Integrantes do movimento indígena protocolaram, nesta quarta-feira (12), na Câmara dos Deputados, um pedido oficial de devolução do Projeto de Lei (PL) 191/2020, de autoria do governo Bolsonaro, que libera a mineração e a geração de energia elétrica em terras indígenas.
A solicitação é dirigida ao presidente da Casa, Rodrigo Maia (DEM-RJ), a quem a coordenadora da Frente Parlamentar Mista em Defesa dos Direitos dos Povos Indígenas, Joênia Wapichana (Rede-RR), entregou o documento após um protesto que reuniu lideranças de diferentes comunidades na Casa.
A deputada apresentou uma nota técnica que aponta ilegalidades na proposta, cujo texto foi encaminhado pelo presidente da República à Câmara no ultimo dia 5. Os opositores argumentam, por exemplo, que a medida conflita com a Convenção 169, da Organização Internacional do Trabalho (OIT).
Chega de matar a mãe terra, chega de tanto desmatamento. Já derramaram muito o nosso sangue em mais de 500 anos.
Ratificada em 2002 pelo Brasil, a norma determina que as comunidades tradicionais sejam previamente consultadas sobre ações e projetos que possam lhes afetar diretamente. Joênia Wapichana afirma que o PL também estaria marcado por problemas de constitucionalidade.
“Esse PL apresenta vícios, erros. Uma proposta de mineração, segundo a Constituição, por exemplo, tem que ser através de uma lei complementar. Não se pode regulamentar ou alterar o artigo, como esse texto propõe, através de uma lei ordinária. No caso, teria que ser uma PEC. No nosso entender, essa proposta deveria retornar ao Poder Executivo”, defende, acrescentando que o conteúdo da medida também seria um problema porque a abertura dos territórios para mineradoras aumentaria a vulnerabilidade dos povos tradicionais.
“Chega de matar a mãe terra, chega de tanto desmatamento. Já derramaram muito o nosso sangue em mais de 500 anos. Eu estou aqui com minha neta de 10 anos de idade. Quero saber se ela vai ter que continuar brigando por causa disso também”, bradou a cacica Iracema Kaingang, do Paraná.

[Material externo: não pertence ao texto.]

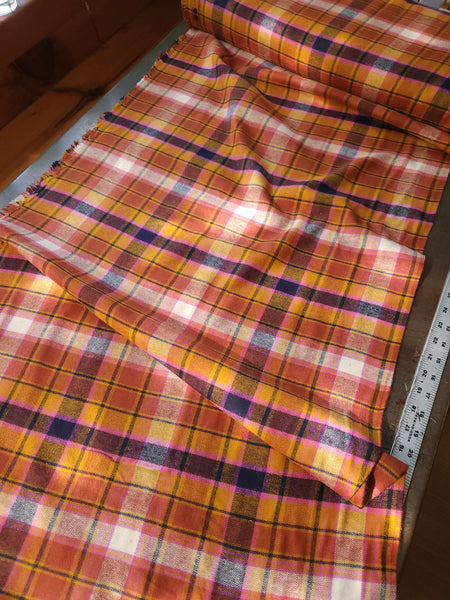 Yarn Dyed Flannel / Clarissa Plaid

Atuante na região amazônica, o deputado Airton Faleiro (PT-PA) assinala a importância de ampliação da rede de apoio aos indígenas por conta da tentativa do governo de avançar com a medida ao longo deste ano. O presidente tem mineradoras e latifundiários entre os principais aliados da gestão. O grupo tem elo com a bancada ruralista, que conta com mais de 200 parlamentares no Congresso.
“Estamos juntando uma trincheira aqui no parlamento, com parlamentares de diversos partidos, em especial os de oposição, mas nós queremos ir além. Esse debate tem que ultrapassar as barreiras partidárias e tem que chegar no entendimento de construirmos uma maioria social pra derrotar esse projeto de lei e qualquer iniciativa do governo que tente implantar mineração em terra indígena.”
A cantora paulista Maria Gadú esteve na Câmara e se uniu à mobilização, fazendo um apelo em prol das comunidades indígenas.
“Eu venho representando não só a classe artística, mas também pra fazer um grande chamamento popular pra que a população se inteire sobre esses assuntos, que são de máxima importância pra existência da nossa cultura popular, pros povos indígenas e pra proteção dos nossos biomas. É um chamamento como cidadã, mais do que como artista. Vim aqui como filha do Brasil”, disse.
O engajamento da classe artística no tema é visto como estratégico pela oposição. Ao longo dos últimos anos, a categoria tem contribuído para ajudar a popularizar debates e campanhas que tratam da proteção à Amazônia, aos povos tradicionais e aos recursos naturais como um todo. Com o Congresso hegemonizado por parlamentares de tendência neoliberal, a expectativa é de que a participação dos artistas ajude a capilarizar o movimento contra o PL, que inclui uma forte mobilização nas redes sociais.
Outras ações também integram o roteiro da luta indígena. Na manhã desta quarta-feira, por exemplo, lideranças de várias comunidades do país fizeram uma caminhada pela Esplanada dos Ministérios até o Congresso Nacional para protestar contra o projeto.